Analysis of my personal journal

[ Python | NLTK | textgenrnn | TextBlob | Stanford CoreNLP ]

Wan Shen Lim

May 2018 @ Carnegie Mellon University

I've been consistently journaling since the start of my high school senior year (Sept 2014), producing around 337,000 words (or 320 pages of single-spaced 12 font) of unfiltered thoughts. This is a unique source of personal data that I used to reveal trends in my life that promote happier writing, which may be correlated with a happier life!

I’ve been consistently journaling since the start of my high school senior year (Sept 2014), producing around 337,000 words (or 320 pages of single-spaced 12 font) of unfiltered thoughts.

This is a unique source of personal data which we can use to reveal trends in my life. Wan and I were particularly interested in identifying trends that promote happier writing, which may be correlated with a happier life!

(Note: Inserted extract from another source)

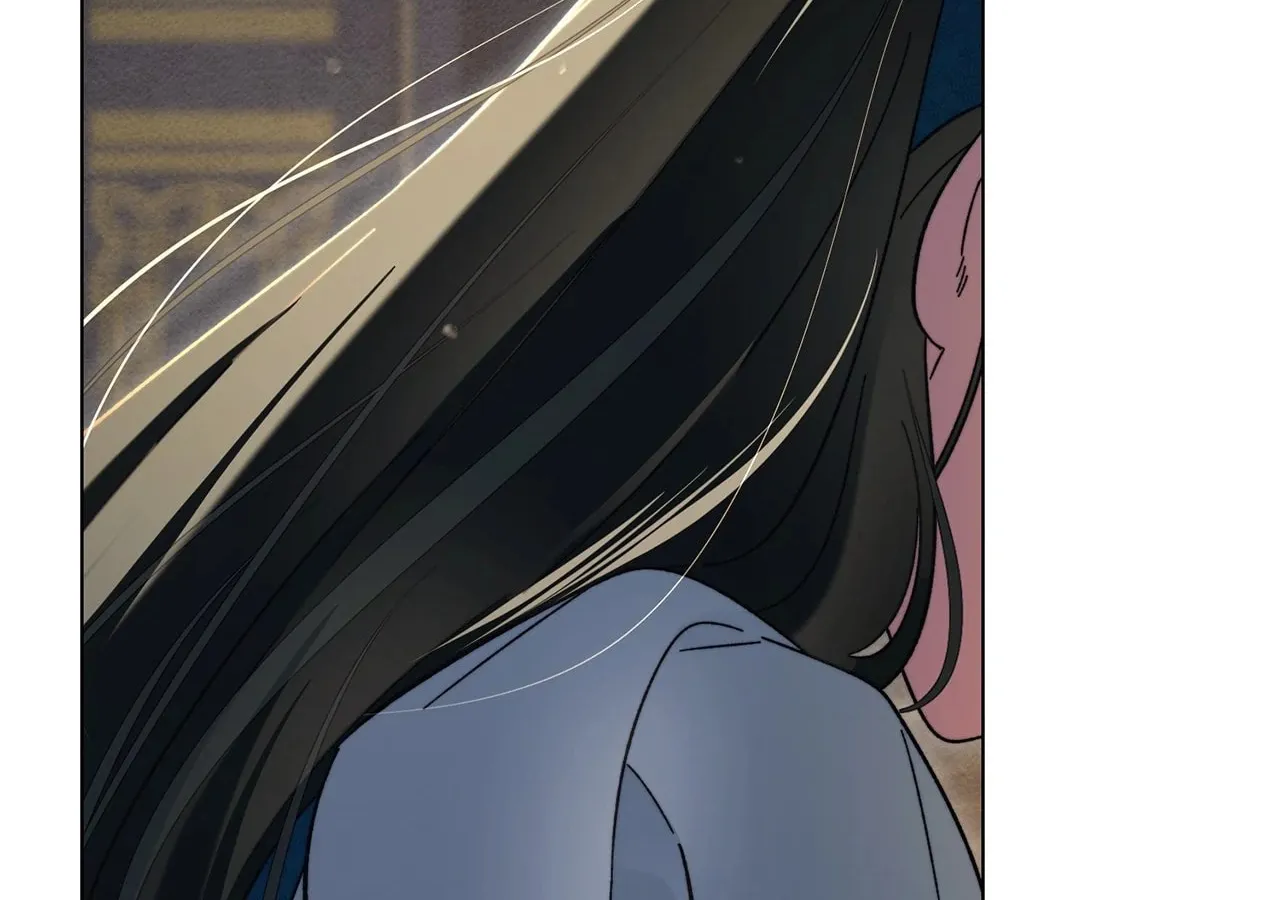 Read All for My Dearest Juliet chapter 21 image 148 on Lezhin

There is a non-trivial amount of processing to be done on the journals as I have journals for different years in different file types and formats. I have a single .docx file for 2014, 2015, and 2016; a single .tex file for 2017; and my 2018 entries have all been in Dropbox Paper. Each of these different file formats have a different scheme of formatting journal entries. Wan and I needed to consider a data structure to make analysis possible across varying time frames, i.e., weeks, months, years. At the same time, our data format needs to be compatible with various natural language processing libraries.

We experimented with TextBlob, NLTK’s VADER, and Stanford’s CoreNLP sentiment analyzers. We tested all three on a random sample of my journal entries and found that VADER was the best at accurately reflecting my sentiment.

We also used RNNs and LSTMs via textgenrnn to generate Jason-like entries.

Lately, I’ve been incorporating meta-data about my days into each daily entry. Currently, this isn’t much data to warrant analysis, but in the future I’d like to perform similar analysis on this meta-data.